Single by Marion Raven

from the album Set Me Free
- Released: April 11, 2007
- Recorded: 2006–2007
- Genre: Rock
- Length: 3:29
- Songwriter(s): Marion Raven Freddy Wexler Arthur Lafrentz Bacon Harris Doran
- Producer(s): DJ Ashba

Marion Raven singles chronology
| "Heads Will Roll" (2006) | "Falling Away" (2007) |  |

Alternative cover
- US version

= Falling Away (Marion Raven song) =

"Falling Away" is the lead single from Marion Raven's album, 'Set Me Free', digitally released on April 11, 2007 to Canada and European iTunes by Eleven Seven Music. The song was released in the digital format to U.S. iTunes on June 12, 2007. The single has two covers, one for European countries and the alternative cover for its U.S. release. The single was released on radio in most Asian countries despite the album being exclusively released in the U.S and Europe; it had reached number 2 in Indonesia by the end of 2007.

==Content==
According to Raven, "Falling Away" describes how things can get out of one's control, and it is also about the fear of both life and death.

==Music video and snowboarding contest==
The music video for "Falling Away" features top snowboarders Andreas Wiig (Two-time Gold Medalist 07’ X Games, Honda Vail Session 07 champion, Snowboarder Magazine Jumper of the Year), Hana Beaman (U.S. Open Champion, X Games Silver Medalist, Transworld Magazine Female Rider of the Year) and Mike Casanova (Vans Cup Rail Jam Champion), JJ Johnson and Madison Elsworth was shot by director Matt Ornstein in the middle of a snow storm in Keystone, Colorado. In the video, Raven sings and plays both the acoustic and electric guitar, together with DJ Ashba, while snowboarders performed mid-air snowboarding stunts. "Falling Away" is the first of Raven's songs to be part of a contest in which fans submitted clips of their snowboarding tricks for a chance to appear in the official release of the song's music video. Prize winners won attractive prizes including a prize pack comprising passes and products from Vail Resorts, Keystone Ski Resort, Vans and OIGO.

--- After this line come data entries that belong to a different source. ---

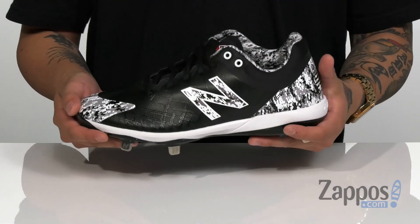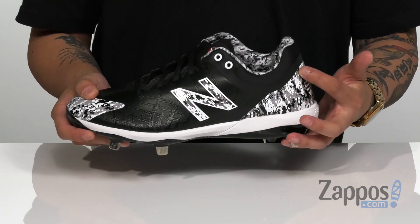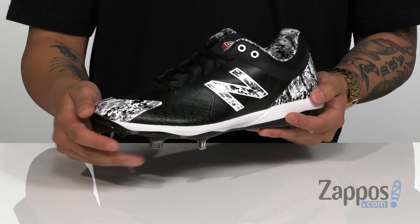Hey, it's Andrew from Zappos and this is the 4040 V5 Metal from New Balance. This great baseball cleat features an all-over synthetic upper. Some of the stitching is sealed up to prevent blowouts and provides excellent durability on the shoe itself.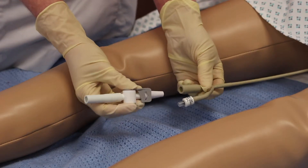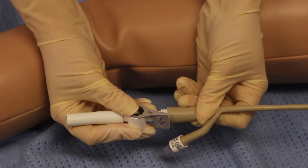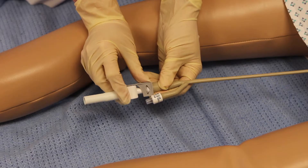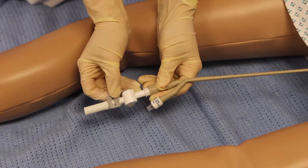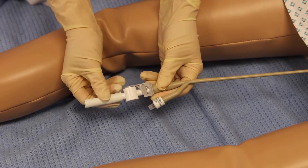Alternatively, you will be given a drainage valve or flip flow to connect to your urinary catheter. To attach the flip flow, push the rigid end into the urinary catheter. To drain the flip flow, position the tap to a downward position. When emptied, reposition the tap to the upward position.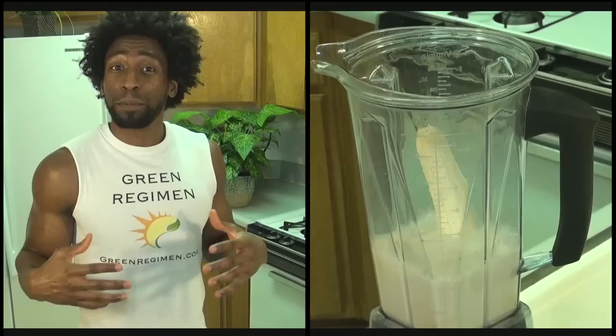Fiber helps keep our blood sugar levels stable, helps lower our cholesterol, and it also helps satiate our hunger, keeping our appetites suppressed for a longer period of time throughout the day.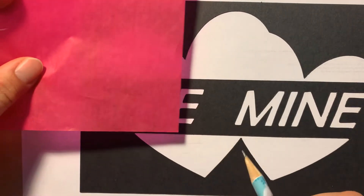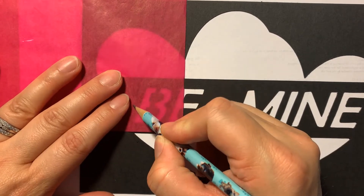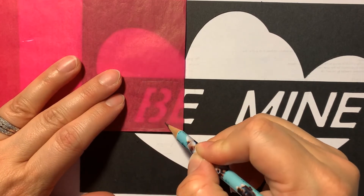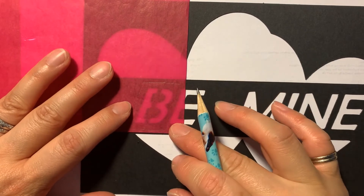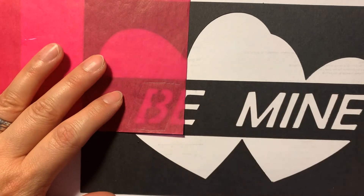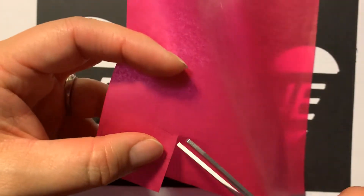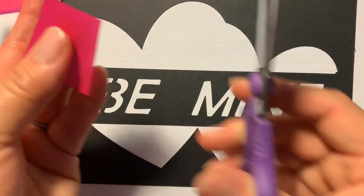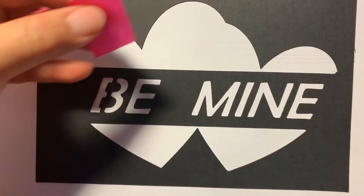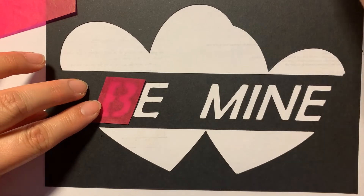I decided I want my 'B' to be pink, so I laid my tissue paper over the 'B', used my pencil, and traced around it — leaving lots of edges without going into the next space. Notice how my space here is a lot bigger than the 'B', but I'm not going into any of the white space. Take your scissors and cut out the piece you want. Make sure you trim it so it goes over a little bit — don't make it exactly the size of the letter.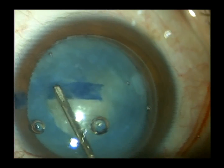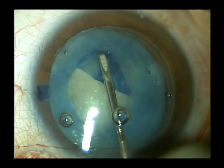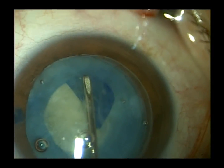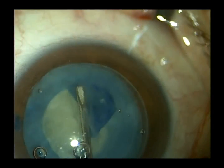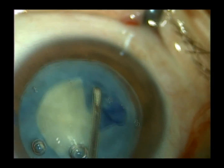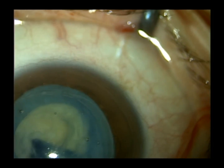I usually make my capsular axis openings about five to six millimeters in diameter. It's fun using Vision Blue when we need it because it makes the impossible possible. Had we not stained the capsule, doing this safely would be very difficult.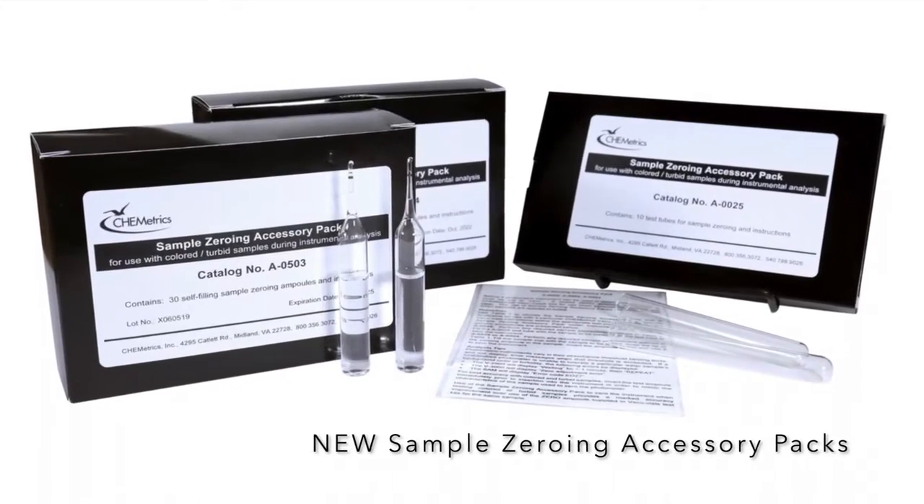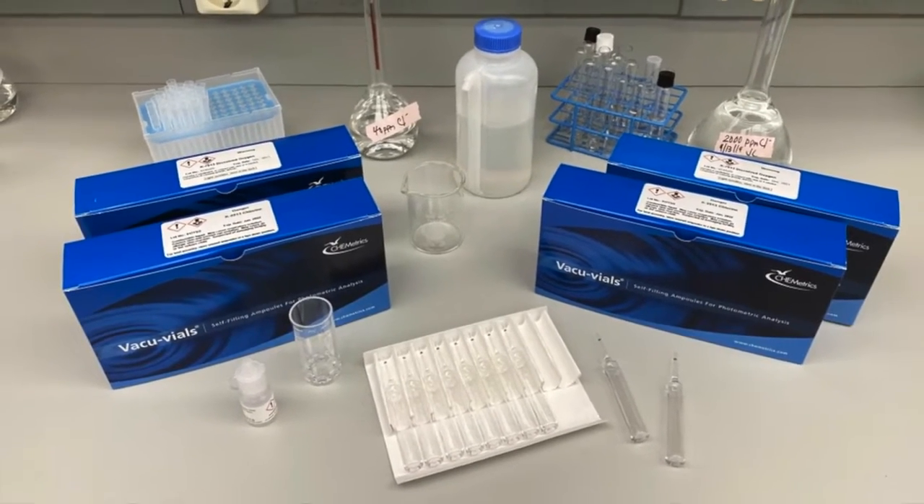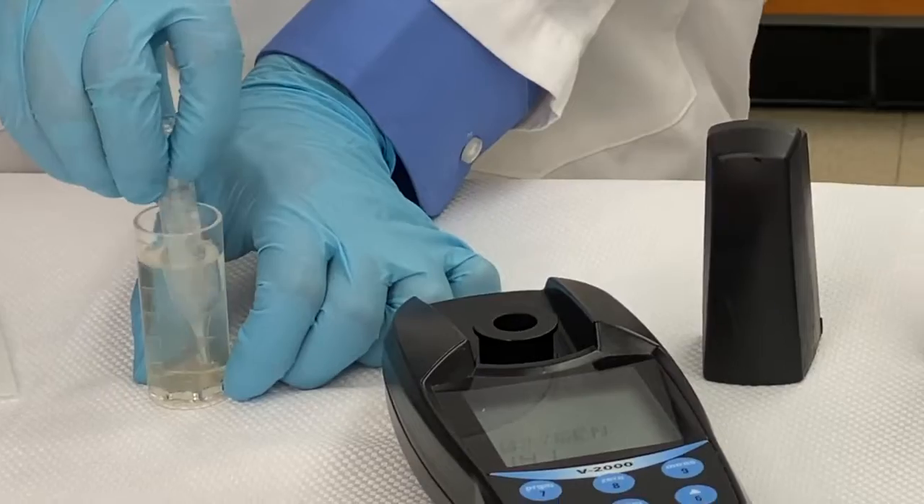Introducing Cometrix's new sample zeroing accessory packs. The VacuVials kit you're using determines the accessory pack you'll need.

Raven stated in an interview with EssenSIE magazine that her boyfriend, Andreas Wiig, was the key inspiration for the music video concept. Wiig makes an appearance in the video as one of the snowboarders. Wiig and Raven married May 2013.

==Track listings==

- iTunes version

1. "Falling Away" - 3:29

Promo CD (UK & Germany)

- Break You
- Falling Away
- Here I Am

Promo CD (US)

- Falling Away (Single Version)

==Reception==
- "Falling Away" peaked at number 5 on the Nicaragua music charts even though the single was not released in Central America.
- German website mix1.de gave "Falling Away" a 6 out of 8 rating.